Entertainment

7 'Game of Thrones' Spinoffs That Need To Happen 

With the end in sight and talks of spinoffs in the air, George R.R. Martin has offered some suggestions. Here are some better ideas 

There has been a lot of chatter about Game of Thrones spinoffs lately, with showrunners David Benioff and D.B. Weiss hasty denying it, and George R.R. Martin advocating for one. “The most natural follow-up would be an adaptation of my Dunk & Egg stories,” he told Entertainment Weekly, referring to his novellas which take place in Westeros and the surrounding areas, roughly ninety years before The War of the Five Kings.

No offence to George R. R. Martin, Dunk & Egg are entertaining enough, but they’re just about a knight and his squire. It’s nothing we haven’t seen before. Other characters and plot-lines would make far more interesting stories. Here’s what HBO should really latch onto.

1. A sitcom miniseries about The Hound and The Mountain’s childhood

A title could be The Mountain and The Hound: A Tale of Brotherly Love. This would be a quirky HBO comedy that’s not really comedic — think Togetherness or Girls — about the face-burning adolescence of two misunderstood sensitive souls. Needless to say, this show would be narrated by Petyr Baelish speaking in an unnecessarily sinister whisper-snarl.

2. Valyria: An Epic

This would be an epic along the lines of HBO’s Rome, chronicling the rise and fall of Valyria, a fascinating advanced civilization that ended with a mysterious disaster 400 years before the events of Game of Thrones.

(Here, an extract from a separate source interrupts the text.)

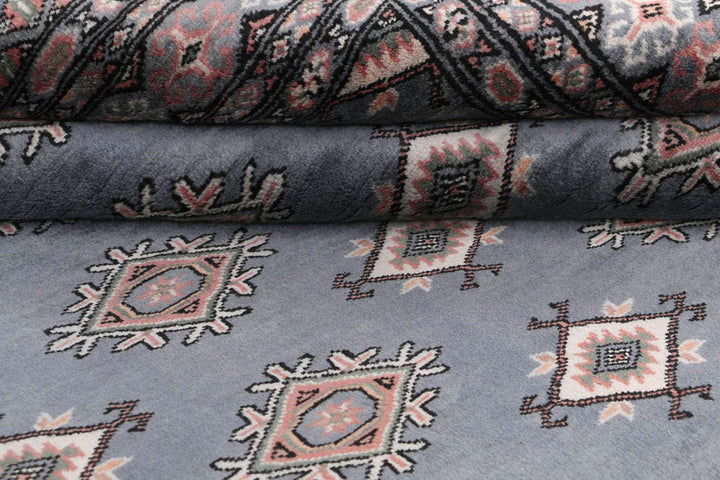Dim Grey Jaldar 5' 7 x 7' 8 - No. 47881 - ALRUG Rug Store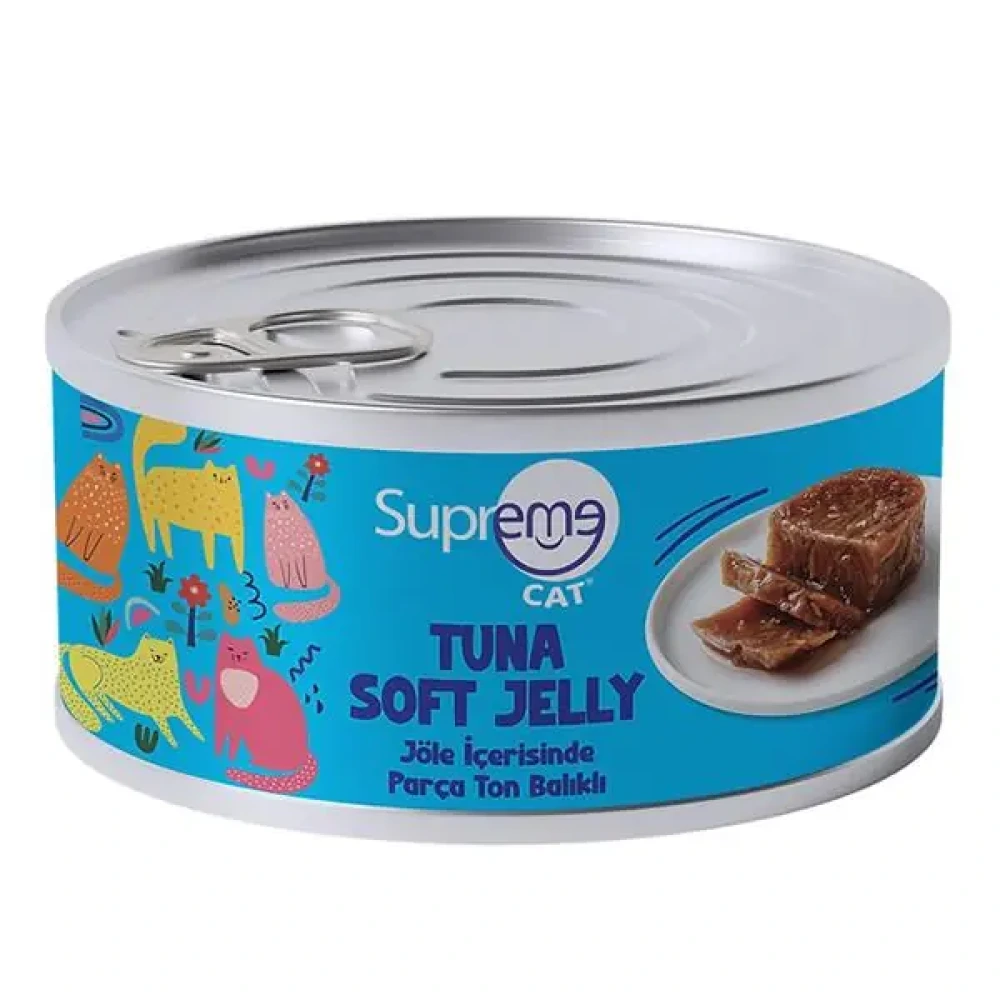 SUPREME KEDİ PARÇA ET TON JÖLELİ 85GR (24 LÜ)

Valyria was a city where dragons prospered, weapons were the world’s best, and everything was spectacularly doomed. No part of that isn’t awesome; it has “epic show” written all over it. We’ve already seen its ruins — it’s time to see its golden years.

3. They See Him Rowin’: A Sea Journey with Gendry

Arya’s old pal and Robert Baratheon’s bastard Gendry has been missing for three seasons now, ever since Davos rescued him from Melisandre’s prison and sent him off in a rowboat. His trip was supposed to be from Dragonstone to King’s Landing, which does not take three years. From that, we can only assume he ended up on a spectacular sea adventure, filled with mermaids and pirates and sea-White Walkers. There’s no other plausible reason his trip has been delayed so long, and we want to see that adventure.

4. The White Walkers

In the White Walkers’ perspective, maybe the humans are pesky usurpers and they merely want their territory back. Maybe that terrifying baby scene was because they just enjoy children, and The Night’s King merely admires Jon Snow’s hair. What if, like in Tuck and Dale vs Evil, the White Walkers are actually the ones being victimized here? It’s time to hear their story, if nothing else, because an intricate zombie society isn’t something typically seen on TV. Alternate title: The Misunderstood Dead.

5. Game of The Low

Game of Thrones revolves around people at the top of the ladder, the kinds of people who — as the title suggests — would sit on the throne. But what about the people who are nowhere near the throne and couldn’t even name the person on it? What about the lowest of the low: the cock-merchants, the whores in small villages, the farmers just trying to get by? The show revolves around those at the top, but the world is expansive enough for another show about those at the bottom. Think Shameless for the fantasy set.

6. Bronn and Lollys: Portrait of a Marriage

Lollys Stokeworth — Bronn’s short-lived fiancee — was the best part of Season 5. She was only in one short scene, but her interactions with Bronn as she enthusiastically plans their wedding (“Food is the most important thing, don’t you agree?”) and despairs over how her sister is mean to her spectacularly clashed with Bronn’s gruff disinterest. When she realizes he isn’t listening to her and prompts him with an aggressive don’t you agree? he proceeds to casually threaten her sister’s life. This show would revolve around their marriage, while Jaime Fookin Lannister is their next-door neighbor and Tyrion is Bronn’s hapless friend. It would be an intimate relationship drama that’s part-Olive Kitteridge, part-Outlander, part-It’s Always Sunny In Philadelphia. Nobody can say they wouldn’t watch that.

If HBO wants to go forward with George R.R. Martin’s Dunk & Egg idea, that’s fine. But as he himself said, his world contains thousands of stories. A Game of Thrones follow-up shouldn’t be a conventional tale of a knight in his squire, when it could be Gendry’s sea adventures or the woes of cock merchants or the misunderstood White Walkers. Westeros and Essos are fascinating places. Let a spinoff explore their weirdest and most esoteric corners.